RECORDS FOR THIS EXERCISE >>
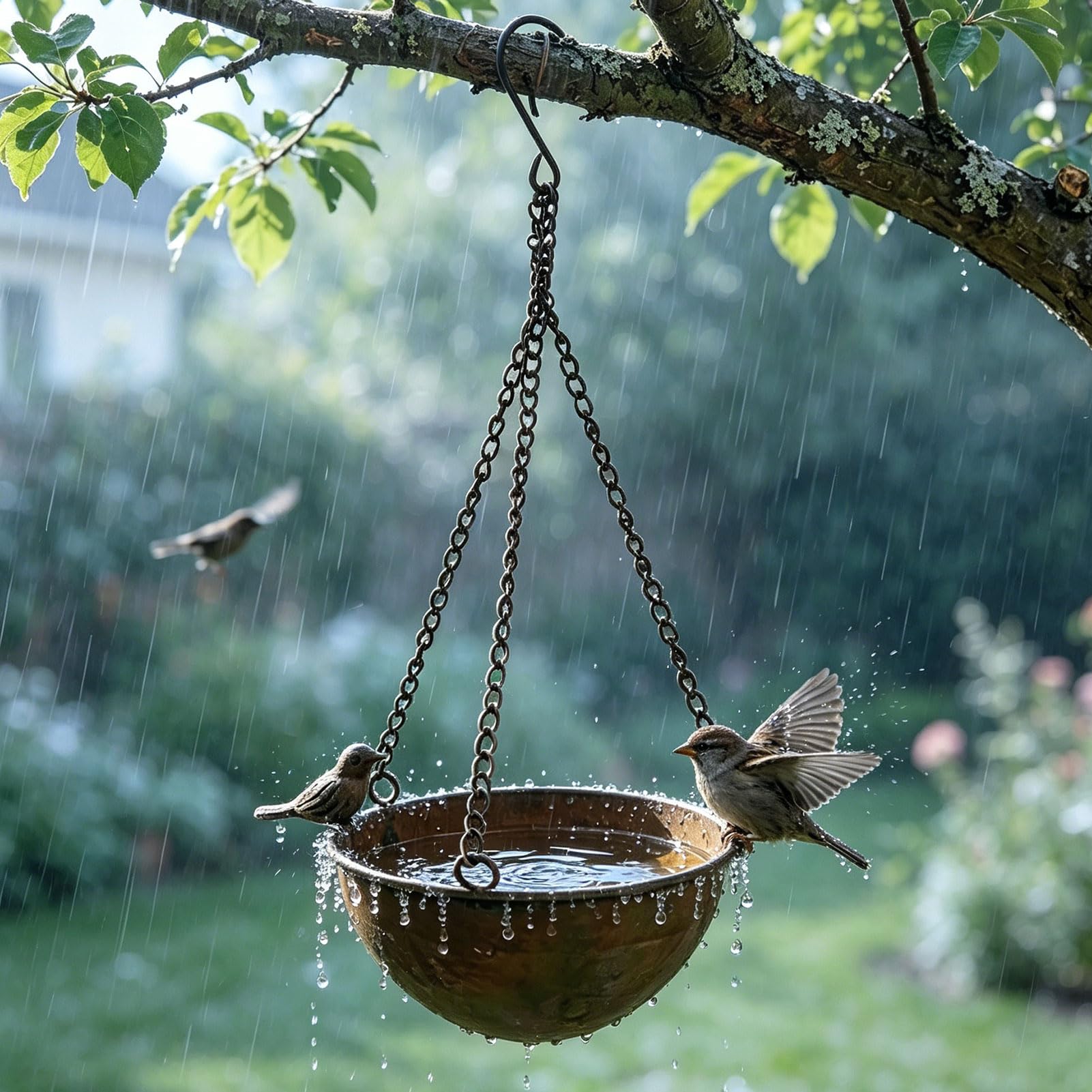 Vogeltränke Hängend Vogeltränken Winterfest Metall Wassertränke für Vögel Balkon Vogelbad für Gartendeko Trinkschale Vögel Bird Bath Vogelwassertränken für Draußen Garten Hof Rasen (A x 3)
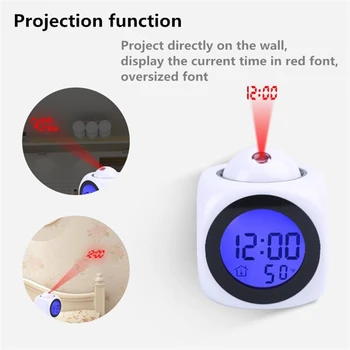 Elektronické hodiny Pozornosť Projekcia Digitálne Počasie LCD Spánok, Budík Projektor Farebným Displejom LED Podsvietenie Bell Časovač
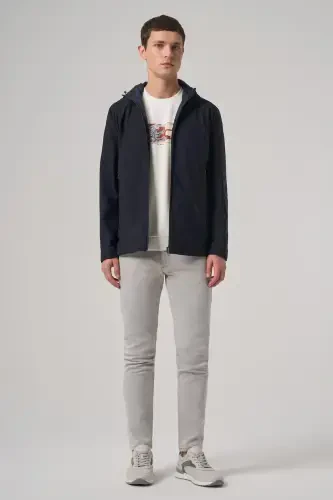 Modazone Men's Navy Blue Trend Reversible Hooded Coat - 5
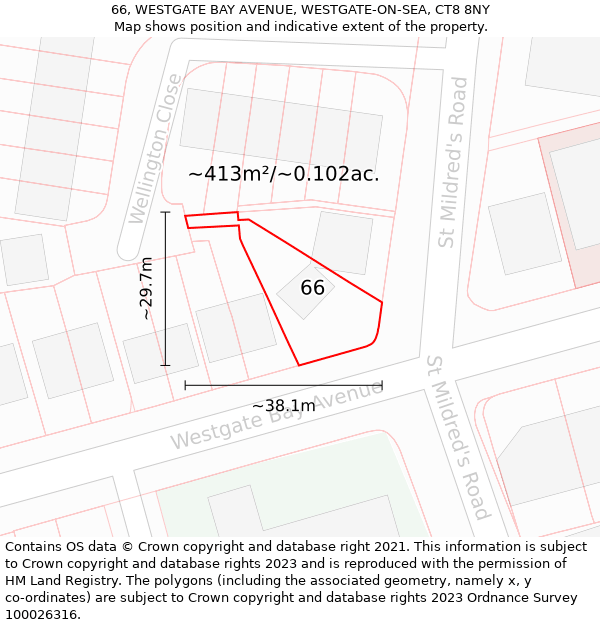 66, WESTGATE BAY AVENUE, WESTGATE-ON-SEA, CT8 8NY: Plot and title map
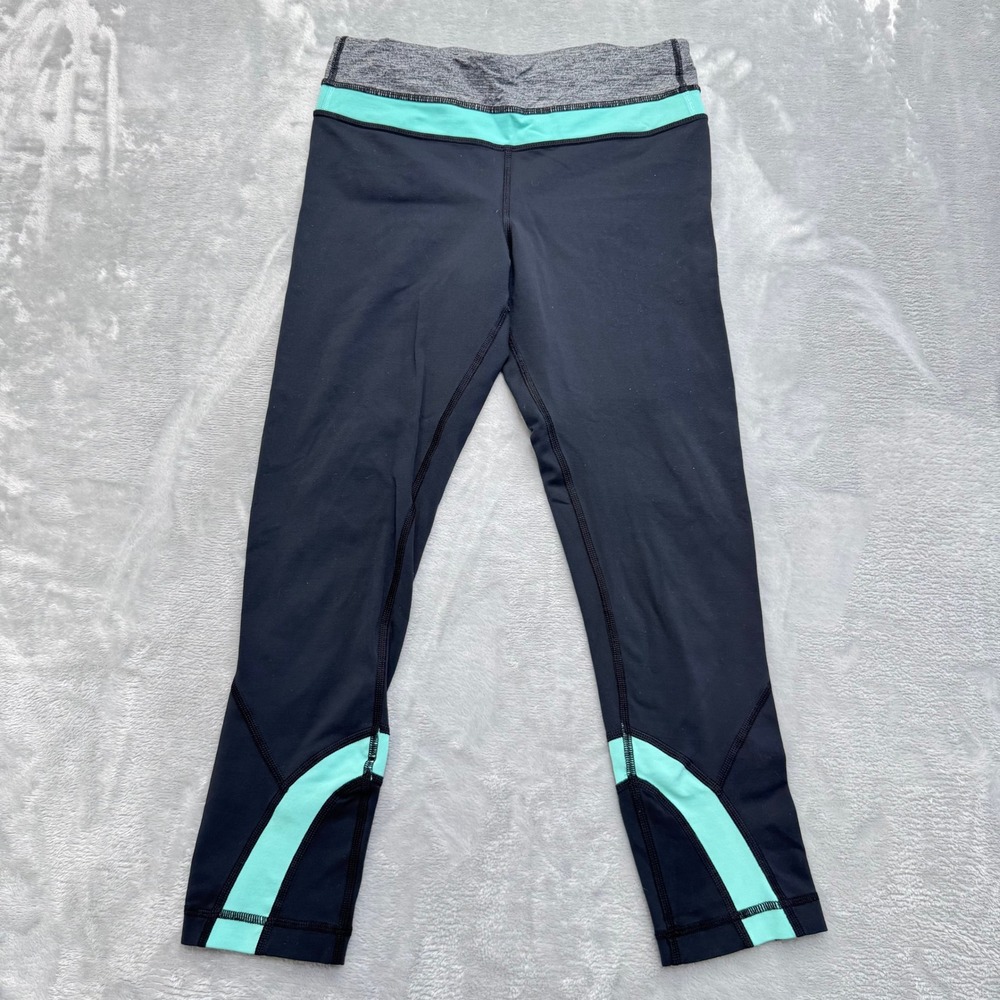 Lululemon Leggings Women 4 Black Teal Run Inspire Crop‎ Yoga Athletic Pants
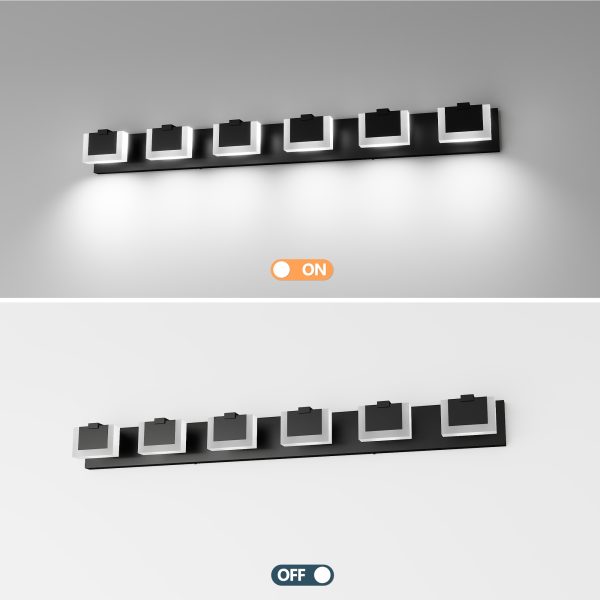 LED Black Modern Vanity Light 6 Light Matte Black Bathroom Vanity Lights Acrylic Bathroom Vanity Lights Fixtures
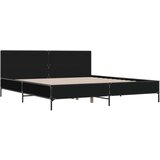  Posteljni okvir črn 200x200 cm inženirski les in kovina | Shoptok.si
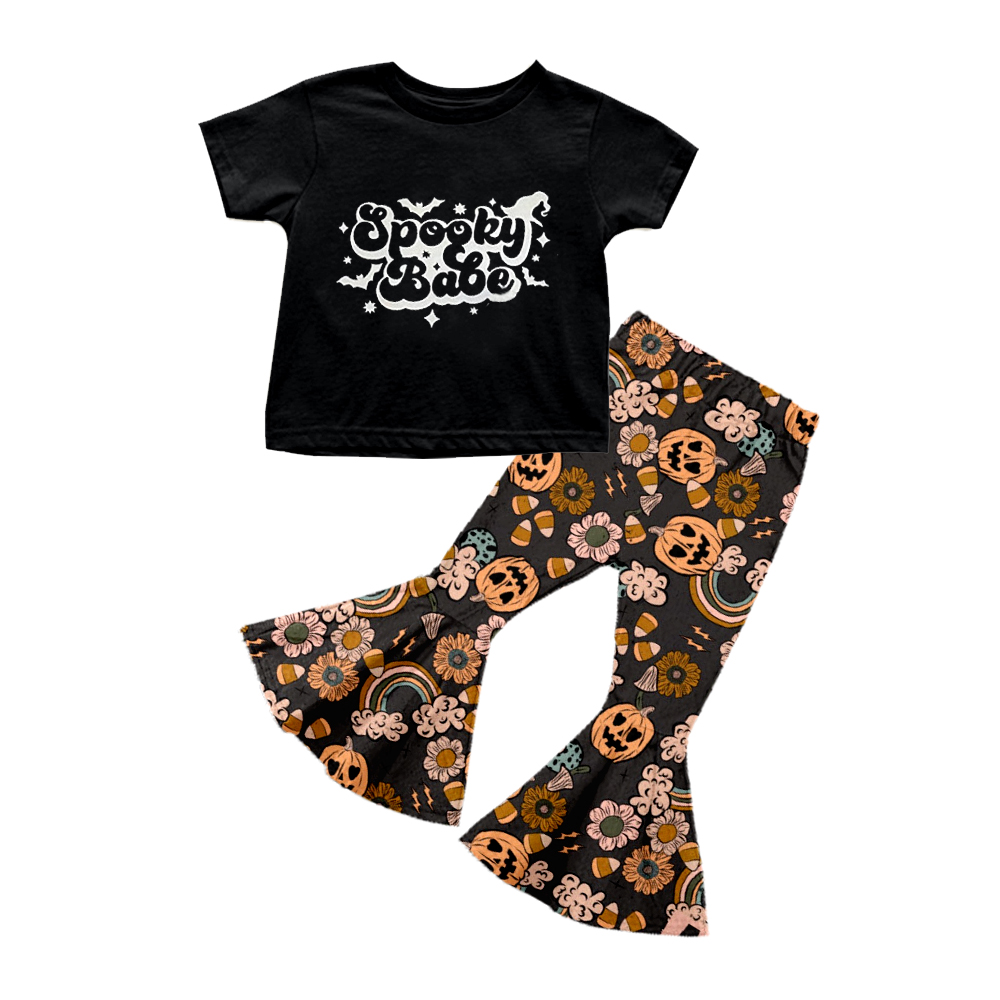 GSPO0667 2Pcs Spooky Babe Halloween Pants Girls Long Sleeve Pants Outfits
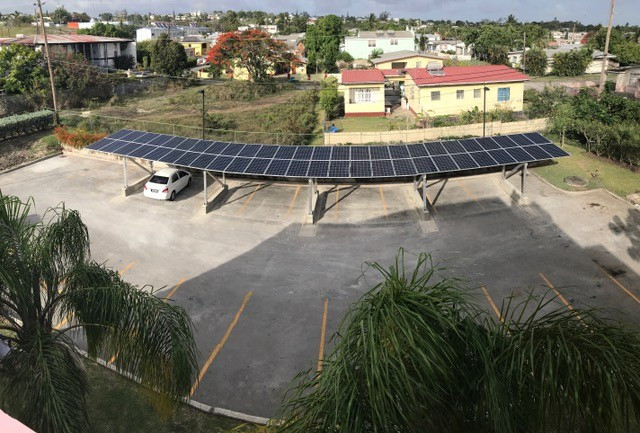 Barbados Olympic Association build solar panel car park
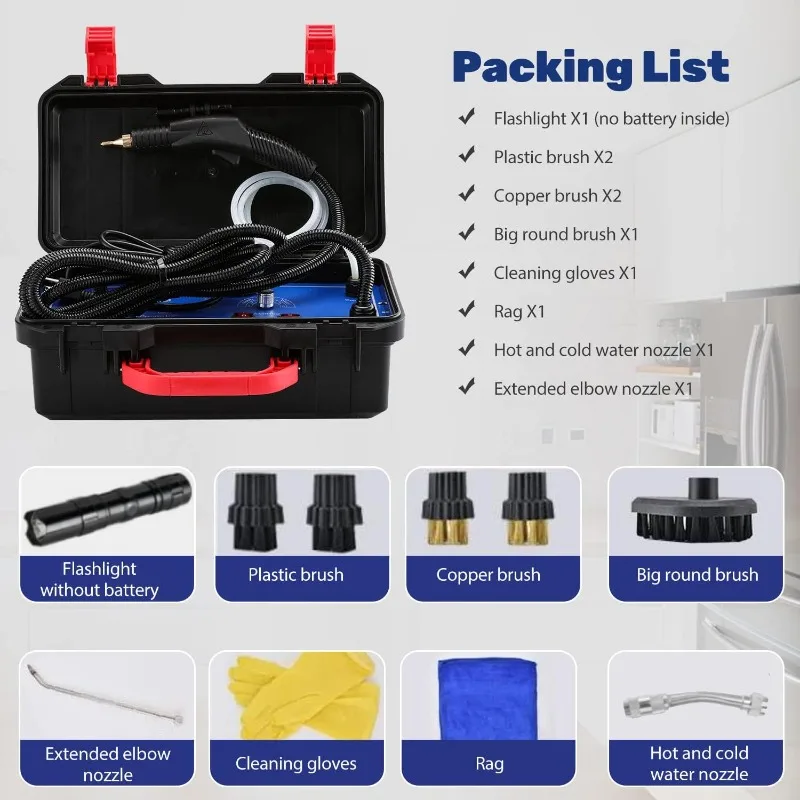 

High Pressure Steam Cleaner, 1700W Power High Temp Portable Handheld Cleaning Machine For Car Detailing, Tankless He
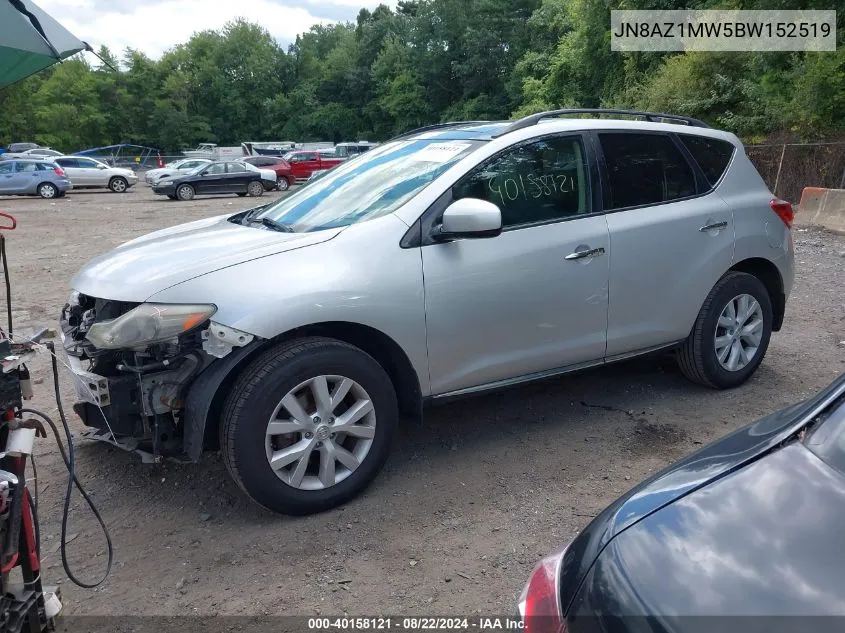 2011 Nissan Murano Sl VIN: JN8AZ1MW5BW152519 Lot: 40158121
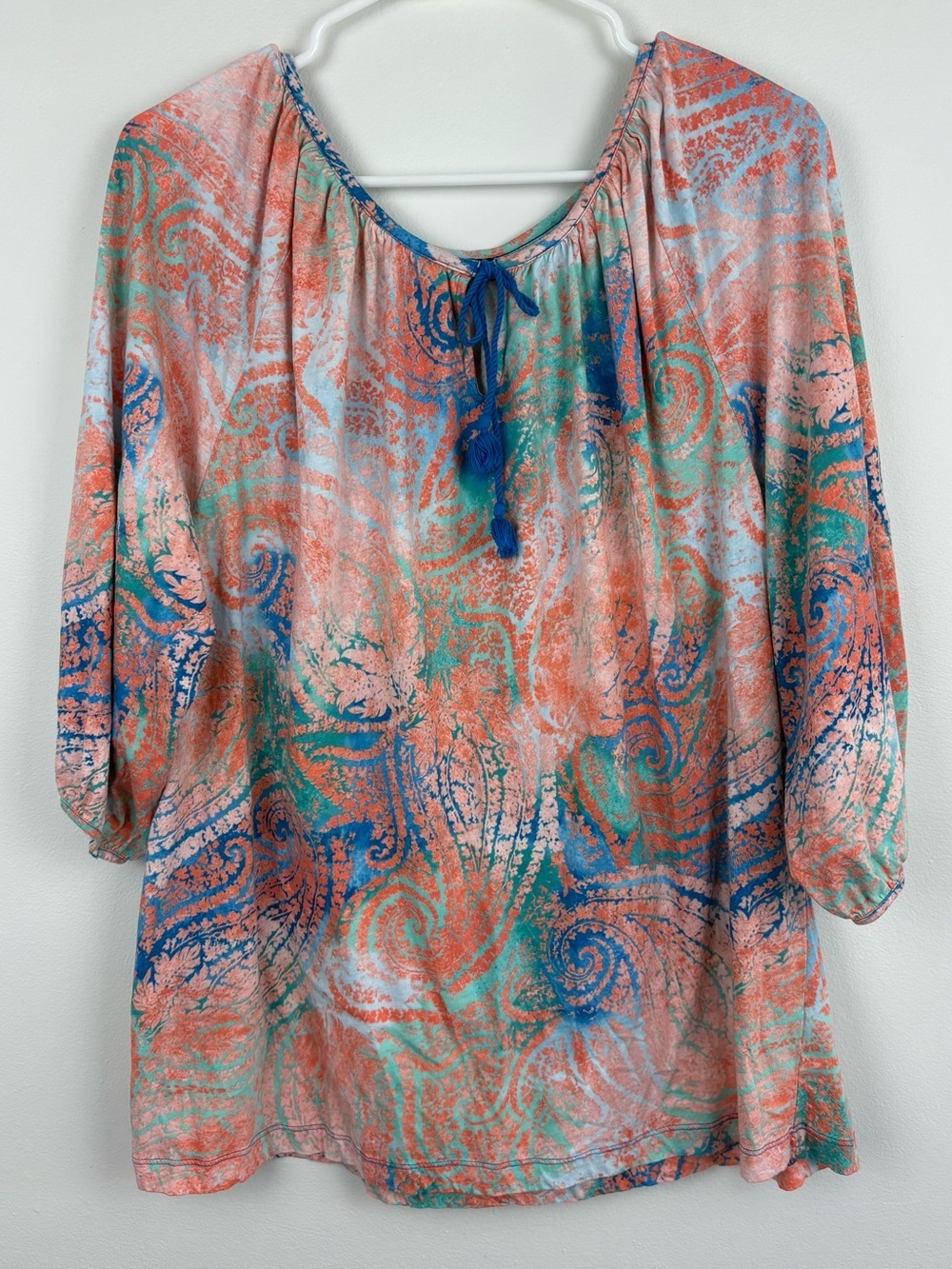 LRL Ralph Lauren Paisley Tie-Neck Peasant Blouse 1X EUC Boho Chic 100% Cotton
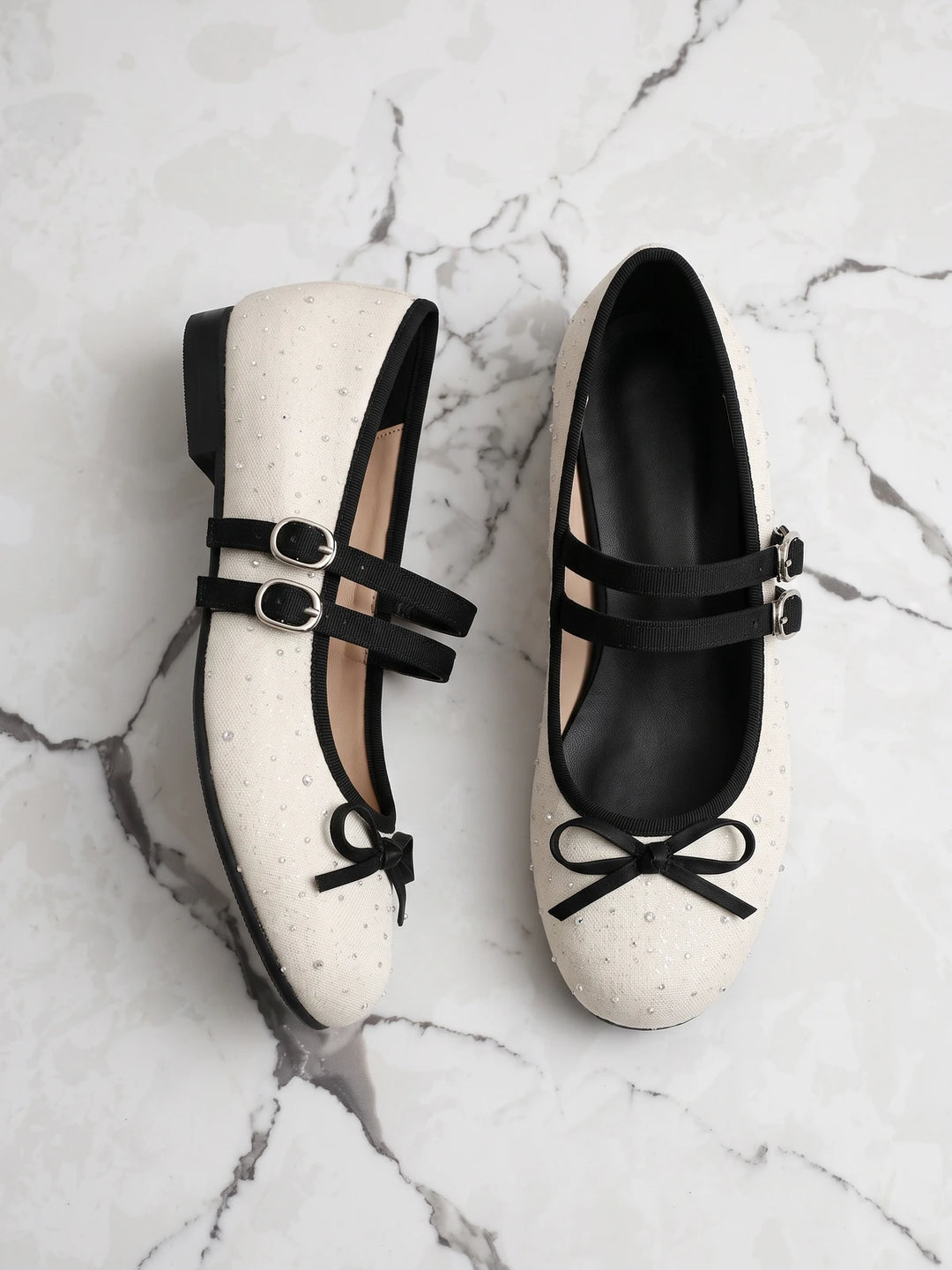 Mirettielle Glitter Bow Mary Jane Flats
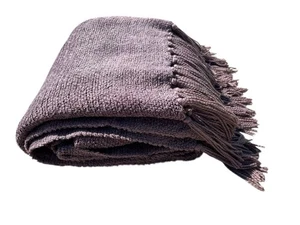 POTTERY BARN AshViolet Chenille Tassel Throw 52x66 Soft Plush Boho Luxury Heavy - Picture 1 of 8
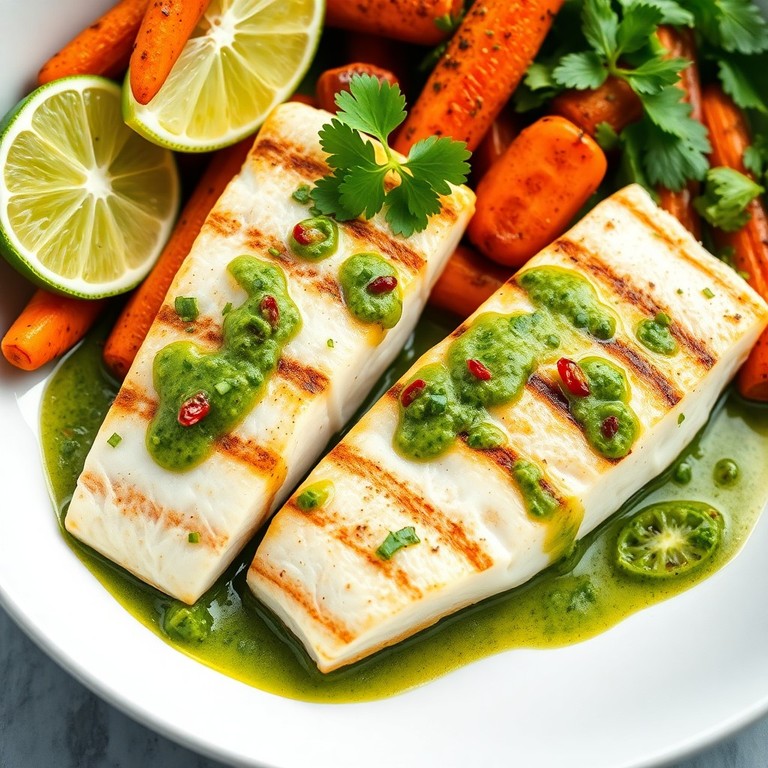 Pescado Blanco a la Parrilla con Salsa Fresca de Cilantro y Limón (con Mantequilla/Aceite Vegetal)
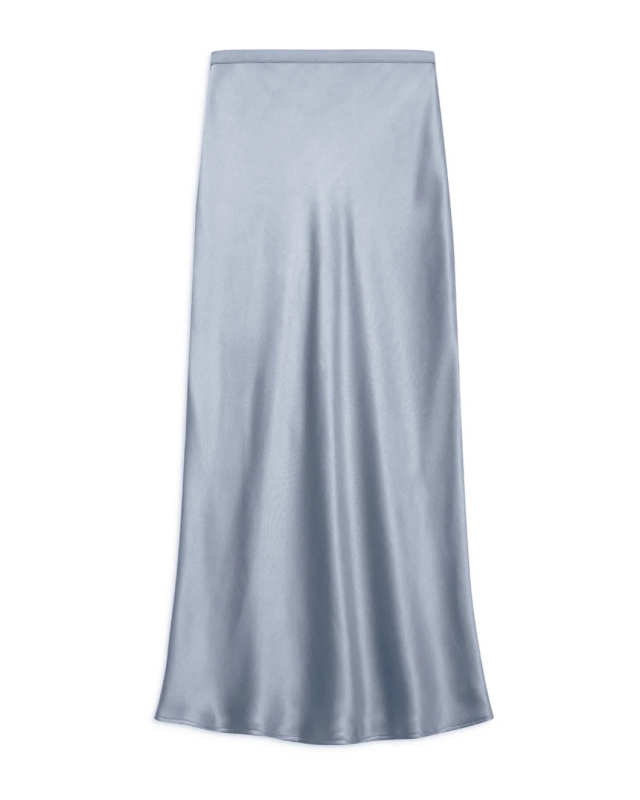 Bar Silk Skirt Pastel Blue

WHAT IS BEING ASKED >>
What you return from the records above should be exactly everything from the line with "Barbados Olympic Association" down to the line with "2011 Nissan Murano", both kept, and no pictures.

TASK ANSWER >>
 Barbados Olympic Association build solar panel car park

High Pressure Steam Cleaner, 1700W Power High Temp Portable Handheld Cleaning Machine For Car Detailing, Tankless He
 2011 Nissan Murano Sl VIN: JN8AZ1MW5BW152519 Lot: 40158121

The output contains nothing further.